18                        In sum, Philbrick waived the majority of his arguments by virtue of his stipulation to the dismissal of both claims.  The circuit court properly exercised its discretion in declining to reopen the small claims action.  We therefore affirm the order of the circuit court.  Furthermore, we conclude this appeal is frivolous and remand to the circuit court to determine costs and reasonable attorneys fees to be awarded to the Schroekenthalers. 

            By the Court.—Orders affirmed and cause remanded with directions. 

            This opinion will not be published.  See Wis. Stat. Rule 809.23(1)(b)4.

 


 



[1]  This appeal is decided by one judge pursuant to Wis.
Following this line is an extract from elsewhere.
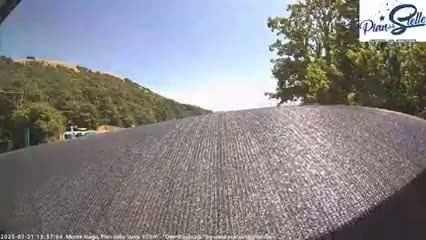 Nocera Umbra, Monte Alago Live Cam - Perugia, Umbria, Italy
Stat. § 752.31(2)(a).  All references to the Wisconsin Statutes are to the 2001-02 version unless otherwise noted.

[2]  The record indicates that Philbrick failed to appear at the original October 11, 2002 return date on the eviction action and a default judgment was entered against him for this non-appearance.  On October 17, 2002, Philbrick filed a motion to reopen the small claims judgment based upon mistake.  This motion to reopen was granted on November 4, 2002.